## YOUR OBJECTIVE
Copy all data exactly. Skip pictures.

## DATASET RECORDS
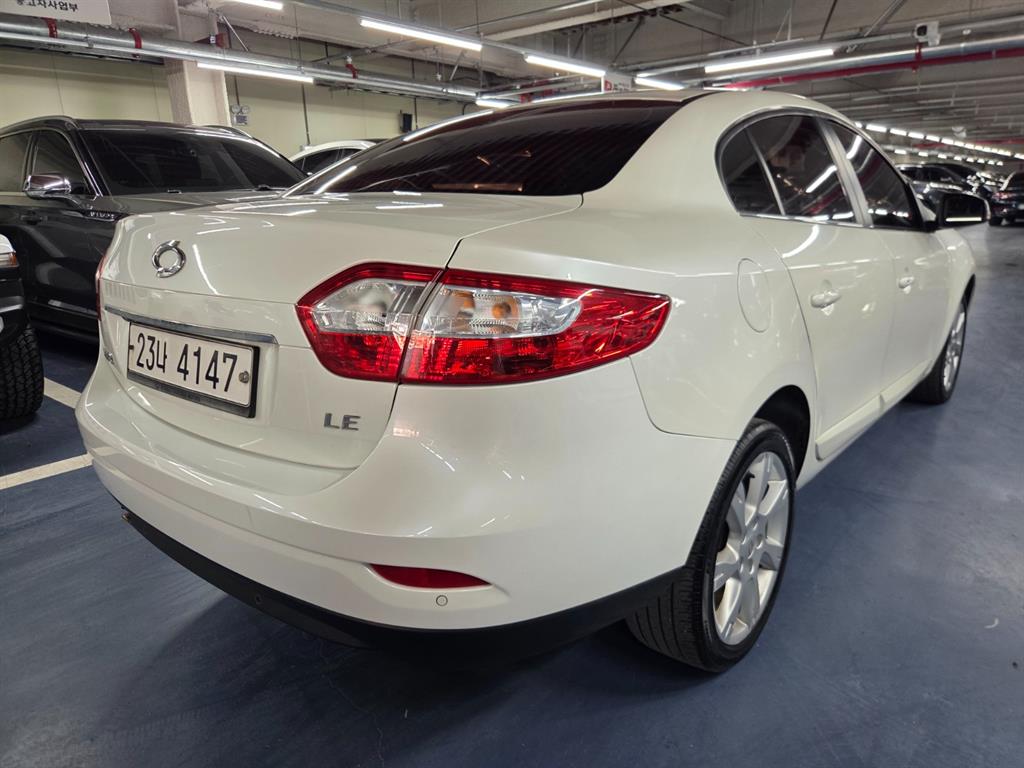 SAMSUNG SM3 - Vista 4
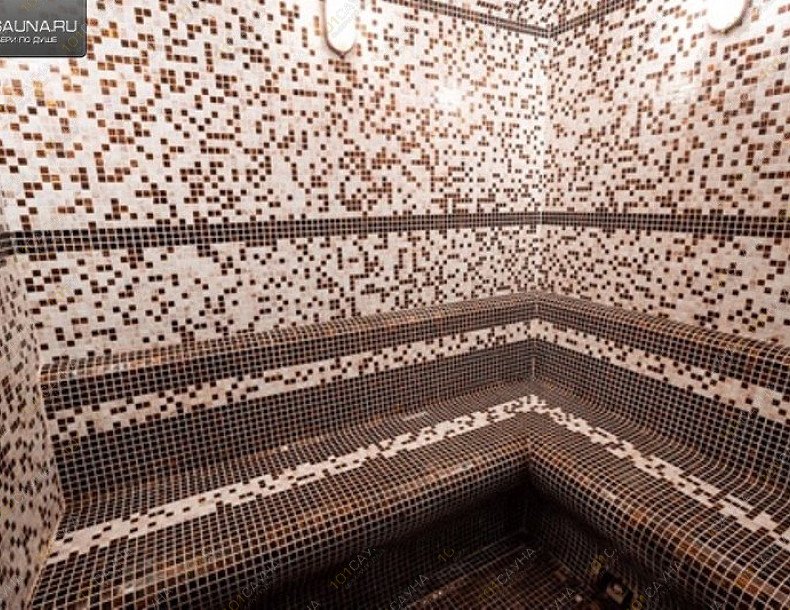 Сауна Оскар, в Саратове, Рабочая, 112 А | 7 | 1001sauna.com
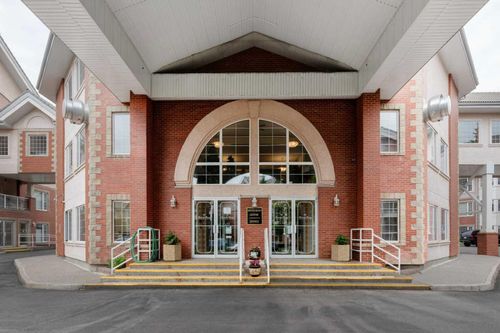 372-223 Tuscany Springs Boulevard Nw, Calgary, AB, T3L2M2 | Card Image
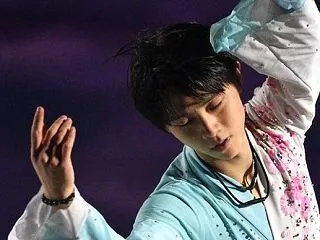 羽生結弦選手が君臨した美の頂点にスケオタ…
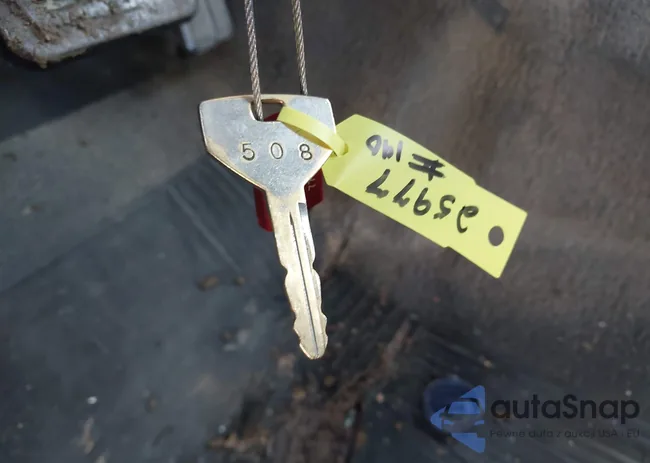 1B7KM26Z1MS310747: 44284993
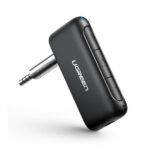 UGREEN CM276 Bluetooth 5.0 Receiver Audio Adapter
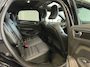 Renault Arkana 1.6 E-Tech hybrid 145 E-Tech engineered , full options , nw staat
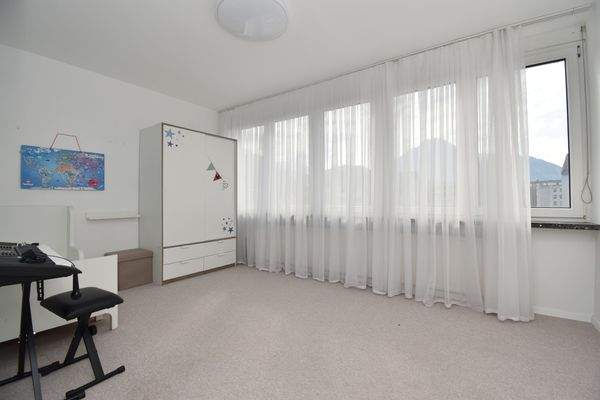 Zimmer_1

## RESPONSE TO THIS TASK
 SAMSUNG SM3 - Vista 4
 Сауна Оскар, в Саратове, Рабочая, 112 А | 7 | 1001sauna.com
 372-223 Tuscany Springs Boulevard Nw, Calgary, AB, T3L2M2 | Card Image
 羽生結弦選手が君臨した美の頂点にスケオタ…
 1B7KM26Z1MS310747: 44284993
 UGREEN CM276 Bluetooth 5.0 Receiver Audio Adapter
 Renault Arkana 1.6 E-Tech hybrid 145 E-Tech engineered , full options , nw staat
 Zimmer_1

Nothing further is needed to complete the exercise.